**Assigned task:**
Please give back the listing exactly, without any of its pictures.

Provided data START

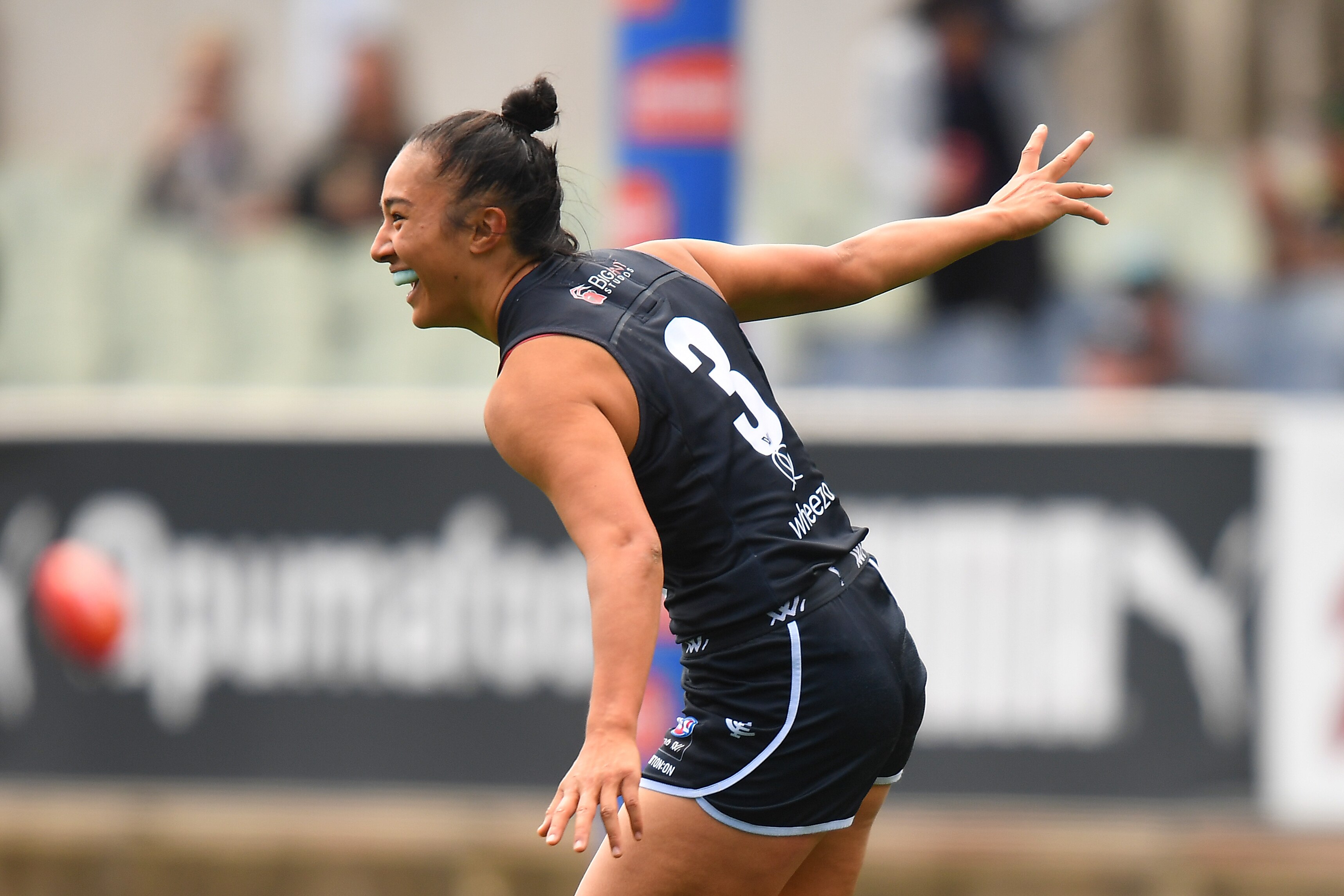 gold coast suns jersey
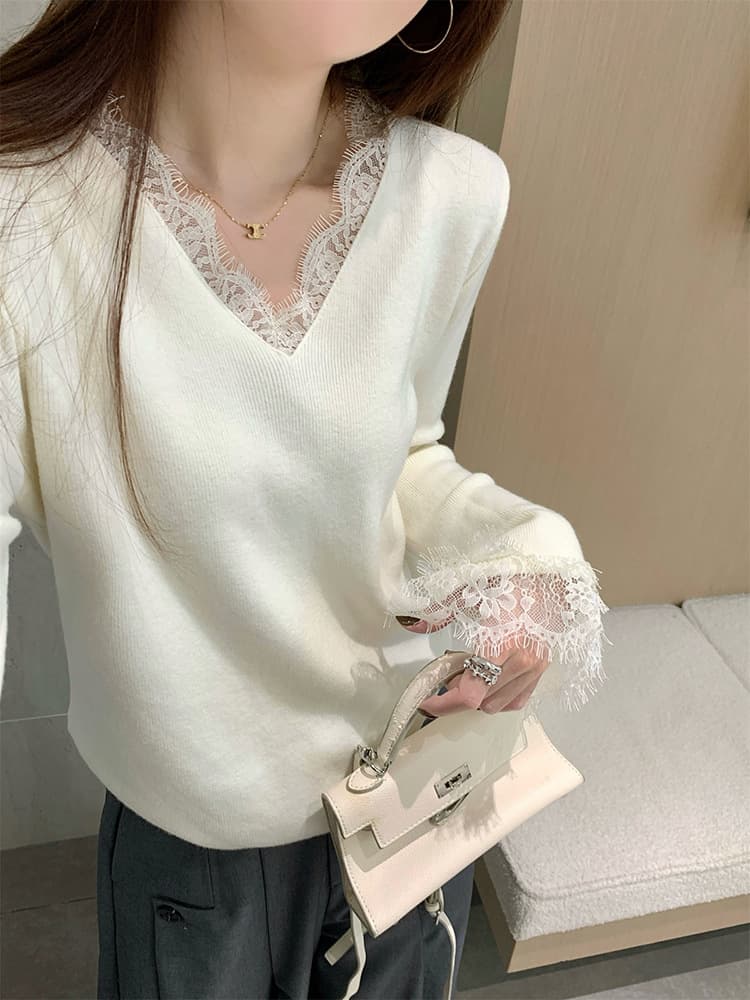 大人かわいい服 レース装飾Vネックニット
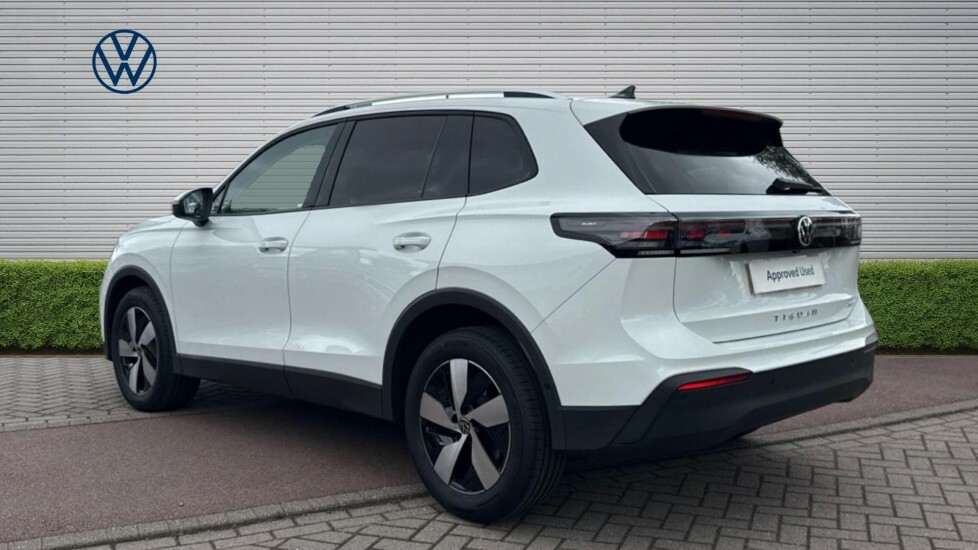 Volkswagen Tiguan Match White #3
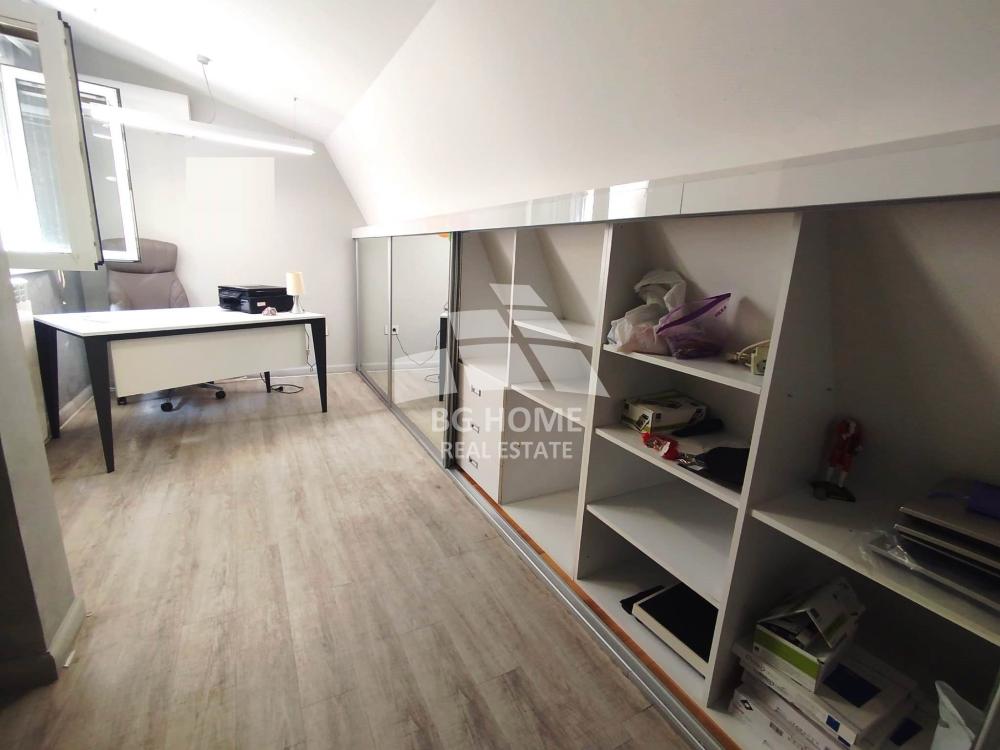 Stan na prodaju u Beogradu, Đeram pijaca, 118m2, cena 349000 evra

Provided data END

**Answer box:**
 gold coast suns jersey
 大人かわいい服 レース装飾Vネックニット
 Volkswagen Tiguan Match White #3
 Stan na prodaju u Beogradu, Đeram pijaca, 118m2, cena 349000 evra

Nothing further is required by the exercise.